Een groot deel van het onderzoek naar dyslexie gebeurt door één van onze dyslexiespecialisten, steeds onder eindverantwoordelijkheid van een GZ-psycholoog.
De dyslexiespecialist bestudeert -indien beschikbaar- eerst de informatie van school. De school verstrekt informatie over bijvoorbeeld de klachten, uitgevoerde handelingsplannen en resultaten van de geboden hulp.
De dyslexiespecialist brengt tijdens het intakegesprek met de cliënt de klachten in beeld.

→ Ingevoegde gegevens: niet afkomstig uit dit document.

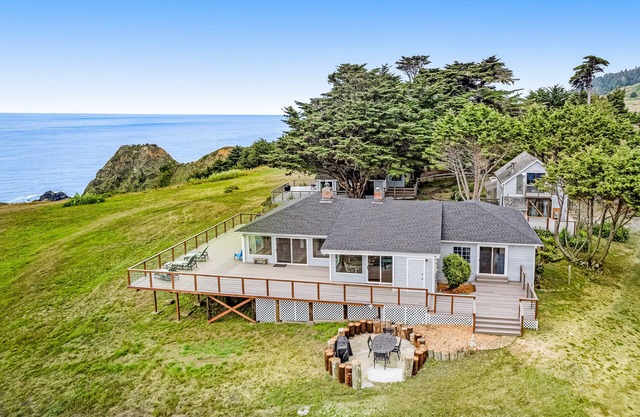 Lovely oceanfront home with large deck, panoramic views, firepit, & W/D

Hij of zij gaat na hoe lang de problemen bestaan, hoe ernstig ze zijn, wat er in het verleden aan gedaan is en met welk resultaat. Ook worden de motivatie, inzet, beleving en sterke kanten van de cliënt in kaart gebracht.

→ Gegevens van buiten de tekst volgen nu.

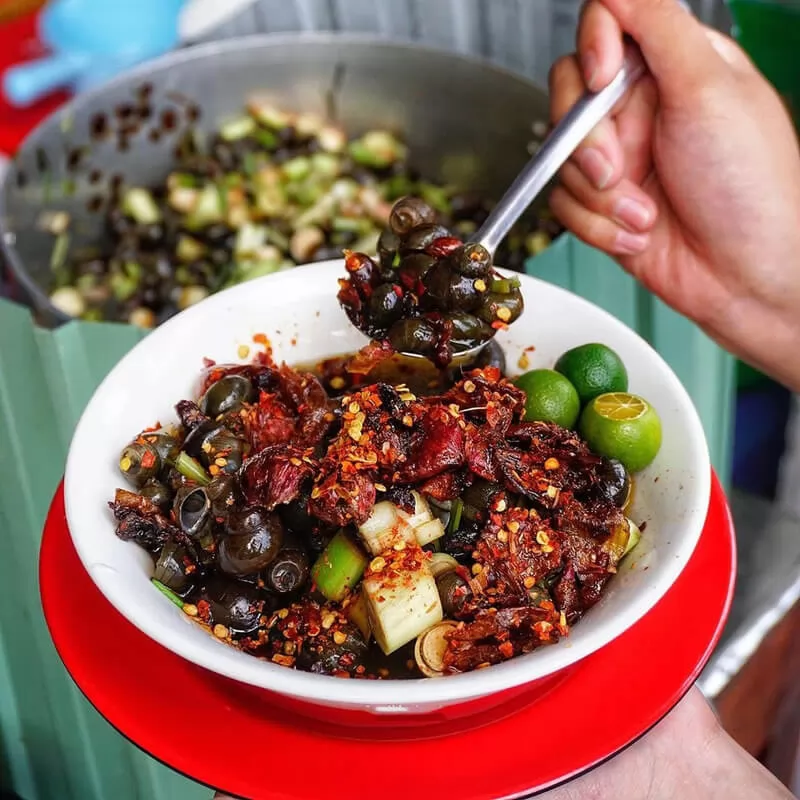 Ốc - một trong những m&oacute;n ngon Hội An du kh&aacute;ch kh&ocirc;ng n&ecirc;n bỏ lỡ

Het orthodidactisch onderzoek bestaat uit drie onderdelen. Eerst onderzoekt de dyslexiespecialist de technische leesvaardigheid. De cliënt krijgt uiteenlopende leestaken aangeboden, bv. eenvoudige woorden, complexe woorden en teksten. De dyslexiespecialist bekijkt zowel de scores als de manier van lezen (het leesproces), om hieruit aanwijzingen voor de advisering te verkrijgen. Dan onderzoekt de dyslexiespecialist de spellingvaardigheid. De cliënt krijgt een dictee en een spontane schrijfopdracht aangeboden. Dan volgt een spellingstrategieonderzoek. Bij spellingtaken is het belangrijk te achterhalen welke fouten de cliënt maakt, maar ook welke oplossingsstrategieën hij of zij hanteert. Deze gegevens zijn wederom nodig om een goed advies te geven. Tenslotte zoekt de dyslexiespecialist naar de verklaringen van de lees- en/of spellingproblemen. Bij mensen met dyslexie zien we vaak problemen in het geheugen, de klankverwerking en/of het snel benoemen.
Na afloop van het orthodidactisch onderzoek worden alle gegevens geanalyseerd, conclusies getrokken en wordt een orthodidactisch rapport geschreven. Hierin staat tevens adviezen voor de begeleiding.